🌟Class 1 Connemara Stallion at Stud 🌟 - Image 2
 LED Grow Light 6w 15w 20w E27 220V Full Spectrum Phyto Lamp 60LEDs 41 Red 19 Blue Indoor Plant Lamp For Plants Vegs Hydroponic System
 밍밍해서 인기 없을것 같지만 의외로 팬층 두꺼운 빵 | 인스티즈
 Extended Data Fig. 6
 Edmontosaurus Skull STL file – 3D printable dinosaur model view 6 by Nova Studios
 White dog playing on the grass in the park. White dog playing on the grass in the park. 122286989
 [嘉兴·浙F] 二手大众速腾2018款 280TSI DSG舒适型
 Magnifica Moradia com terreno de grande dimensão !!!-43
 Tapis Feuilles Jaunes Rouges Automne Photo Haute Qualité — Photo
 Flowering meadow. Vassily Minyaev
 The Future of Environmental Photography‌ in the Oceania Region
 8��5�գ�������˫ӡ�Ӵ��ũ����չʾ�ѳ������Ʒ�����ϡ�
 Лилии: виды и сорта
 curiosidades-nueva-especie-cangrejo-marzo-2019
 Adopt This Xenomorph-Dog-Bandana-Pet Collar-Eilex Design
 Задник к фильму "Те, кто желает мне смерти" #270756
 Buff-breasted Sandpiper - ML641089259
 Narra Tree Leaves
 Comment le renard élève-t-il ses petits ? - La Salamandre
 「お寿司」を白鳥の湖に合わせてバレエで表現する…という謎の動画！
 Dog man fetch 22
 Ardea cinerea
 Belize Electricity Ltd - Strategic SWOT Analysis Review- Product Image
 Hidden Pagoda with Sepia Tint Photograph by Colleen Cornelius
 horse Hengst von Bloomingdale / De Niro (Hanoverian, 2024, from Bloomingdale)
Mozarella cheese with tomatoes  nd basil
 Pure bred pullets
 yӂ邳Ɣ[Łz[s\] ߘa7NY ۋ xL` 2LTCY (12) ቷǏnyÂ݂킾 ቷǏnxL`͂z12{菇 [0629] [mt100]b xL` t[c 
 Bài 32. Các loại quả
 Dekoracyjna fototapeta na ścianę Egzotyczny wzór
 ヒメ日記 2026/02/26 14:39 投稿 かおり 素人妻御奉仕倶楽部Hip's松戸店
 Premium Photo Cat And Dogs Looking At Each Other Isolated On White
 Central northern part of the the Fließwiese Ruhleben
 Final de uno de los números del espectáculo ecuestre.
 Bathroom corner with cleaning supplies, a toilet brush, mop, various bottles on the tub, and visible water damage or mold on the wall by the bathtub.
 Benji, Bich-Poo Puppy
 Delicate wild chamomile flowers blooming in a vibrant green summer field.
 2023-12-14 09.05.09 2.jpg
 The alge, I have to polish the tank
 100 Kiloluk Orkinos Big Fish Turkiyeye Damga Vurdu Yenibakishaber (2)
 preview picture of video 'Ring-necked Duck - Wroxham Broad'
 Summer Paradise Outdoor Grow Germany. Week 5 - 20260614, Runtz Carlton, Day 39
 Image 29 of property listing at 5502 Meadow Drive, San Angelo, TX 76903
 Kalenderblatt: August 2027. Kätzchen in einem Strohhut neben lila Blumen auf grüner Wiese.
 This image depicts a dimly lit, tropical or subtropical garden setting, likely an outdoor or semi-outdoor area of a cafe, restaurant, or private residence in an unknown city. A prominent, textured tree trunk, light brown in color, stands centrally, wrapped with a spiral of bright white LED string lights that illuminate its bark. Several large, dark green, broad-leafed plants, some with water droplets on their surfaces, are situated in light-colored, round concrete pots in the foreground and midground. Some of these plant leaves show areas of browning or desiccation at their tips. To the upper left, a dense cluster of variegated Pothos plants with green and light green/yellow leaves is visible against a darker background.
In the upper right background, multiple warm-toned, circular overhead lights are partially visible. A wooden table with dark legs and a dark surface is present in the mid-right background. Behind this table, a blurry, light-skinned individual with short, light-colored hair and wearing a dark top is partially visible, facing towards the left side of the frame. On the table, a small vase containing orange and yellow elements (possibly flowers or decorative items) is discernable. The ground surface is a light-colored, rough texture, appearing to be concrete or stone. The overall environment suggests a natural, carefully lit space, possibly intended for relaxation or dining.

##########

* To do
Each line from the first line of the listing through the line containing "ヒメ日記 2026/02/26 14:39" must be set down exactly; no other line belongs in the answer.

* Solution to this problem
🌟Class 1 Connemara Stallion at Stud 🌟 - Image 2
 LED Grow Light 6w 15w 20w E27 220V Full Spectrum Phyto Lamp 60LEDs 41 Red 19 Blue Indoor Plant Lamp For Plants Vegs Hydroponic System
 밍밍해서 인기 없을것 같지만 의외로 팬층 두꺼운 빵 | 인스티즈
 Extended Data Fig. 6
 Edmontosaurus Skull STL file – 3D printable dinosaur model view 6 by Nova Studios
 White dog playing on the grass in the park. White dog playing on the grass in the park. 122286989
 [嘉兴·浙F] 二手大众速腾2018款 280TSI DSG舒适型
 Magnifica Moradia com terreno de grande dimensão !!!-43
 Tapis Feuilles Jaunes Rouges Automne Photo Haute Qualité — Photo
 Flowering meadow. Vassily Minyaev
 The Future of Environmental Photography‌ in the Oceania Region
 8��5�գ�������˫ӡ�Ӵ��ũ����չʾ�ѳ������Ʒ�����ϡ�
 Лилии: виды и сорта
 curiosidades-nueva-especie-cangrejo-marzo-2019
 Adopt This Xenomorph-Dog-Bandana-Pet Collar-Eilex Design
 Задник к фильму "Те, кто желает мне смерти" #270756
 Buff-breasted Sandpiper - ML641089259
 Narra Tree Leaves
 Comment le renard élève-t-il ses petits ? - La Salamandre
 「お寿司」を白鳥の湖に合わせてバレエで表現する…という謎の動画！
 Dog man fetch 22
 Ardea cinerea
 Belize Electricity Ltd - Strategic SWOT Analysis Review- Product Image
 Hidden Pagoda with Sepia Tint Photograph by Colleen Cornelius
 horse Hengst von Bloomingdale / De Niro (Hanoverian, 2024, from Bloomingdale)
Mozarella cheese with tomatoes  nd basil
 Pure bred pullets
 yӂ邳Ɣ[Łz[s\] ߘa7NY ۋ xL` 2LTCY (12) ቷǏnyÂ݂킾 ቷǏnxL`͂z12{菇 [0629] [mt100]b xL` t[c 
 Bài 32. Các loại quả
 Dekoracyjna fototapeta na ścianę Egzotyczny wzór
 ヒメ日記 2026/02/26 14:39 投稿 かおり 素人妻御奉仕倶楽部Hip's松戸店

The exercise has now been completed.